The UK government has confirmed its plans to impose a ‘racing right’ that would require bookmakers to ante up a percentage of race betting revenue to the racing industry.
In December, Chancellor George Osborne announced that the government was consulting on the introduction of a Horserace Betting Authorization to replace the much-loathed annual race betting Levy. On Wednesday, just six days after that consultation closed, Osborne delivered his 2015 budget, which says the new Horserace Betting Right will “apply to all bookmakers wherever located, who take bets from British customers on British racing and will be administered directly by the racing industry.”
The racing industry has long complained that UK-facing online bookies based in jurisdictions like Gibraltar weren’t compelled to contribute to the Levy scheme.
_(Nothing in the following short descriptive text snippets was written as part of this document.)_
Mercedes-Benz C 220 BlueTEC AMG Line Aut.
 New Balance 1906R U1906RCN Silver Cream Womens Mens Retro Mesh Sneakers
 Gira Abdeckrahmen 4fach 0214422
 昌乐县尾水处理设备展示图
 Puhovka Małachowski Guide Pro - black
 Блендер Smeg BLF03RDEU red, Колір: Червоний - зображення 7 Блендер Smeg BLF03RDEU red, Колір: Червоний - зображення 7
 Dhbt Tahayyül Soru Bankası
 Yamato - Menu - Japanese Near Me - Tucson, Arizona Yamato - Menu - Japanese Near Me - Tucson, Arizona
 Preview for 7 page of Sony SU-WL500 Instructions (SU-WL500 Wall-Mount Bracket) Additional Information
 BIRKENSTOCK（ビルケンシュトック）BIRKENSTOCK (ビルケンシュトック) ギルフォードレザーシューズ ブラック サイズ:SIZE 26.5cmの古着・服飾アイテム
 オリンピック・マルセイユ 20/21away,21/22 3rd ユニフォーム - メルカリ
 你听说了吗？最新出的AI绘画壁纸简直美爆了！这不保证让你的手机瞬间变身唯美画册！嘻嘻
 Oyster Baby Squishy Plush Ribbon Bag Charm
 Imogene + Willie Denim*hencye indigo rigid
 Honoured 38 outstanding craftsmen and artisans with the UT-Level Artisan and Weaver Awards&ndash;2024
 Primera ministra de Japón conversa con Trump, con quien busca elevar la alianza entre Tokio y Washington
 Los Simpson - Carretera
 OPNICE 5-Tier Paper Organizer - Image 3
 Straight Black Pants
The new betting right closes this loophole, much as December’s introduction of the 15% online point-of-consumption tax eliminated much of the financial advantages of a Gibraltar online gambling license.
No info was offered as to the rate of this racing right, but the consultation document envisioned three possible scenarios: 10.75% (equal to the current Levy scheme), a ‘central’ rate of 30% and a high rate of 50%. Should either of the latter rates be implemented, bookies will pass on the costs to consumers, who will invariably seek out more cost-effective alternatives with online bookies not holding a UK license, thereby depriving racing of the extra revenue it so desperately craves. So, er, well done, racing.
The British Horseracing Authority applauded Osborne’s announcement, calling it “a welcome and tremendous boost for the tens of thousands of people across the country that derive their livelihoods from our sport.”
The Association of British Bookmakers (ABB) was less enthusiastic, noting that its members already provided racing with the “incredible amount” of £248m annually through the Levy scheme, media rights and sponsorship. The ABB claimed that this sum surely “has to be enough.”
The ABB went on to call the racing right proposal “unworkable.” The ABB believes “the detail will derail” the plan, which will leave racing “mired in legal and other issues for many, many years.” The legal uncertainty will prevent the funds raised by the racing right from being distributed, “with racing being the main loser.”
Concerns have previously been voiced that a racing right may not be compatible with UK competition rules or European Union edicts on restriction of trade. At last year’s European Sports Forum in Milan, delegates suggested that a similar plan for a continent-wide sports betting right would likely breach Article 56 of the Treaty of the Functioning of the European Union.
Recent years have seen a sharp decline in racing’s hold on punters, who have transferred their wagering allegiance to football and other sports. That said, racing can still manage to get it up for marquee events like last week’s Cheltenham Festival. Sportsbook software provider OpenBet reported that it handled over 25m total wagers during the 2015 event, with peak wagering topping 20k bets per minute, up 40% from last year.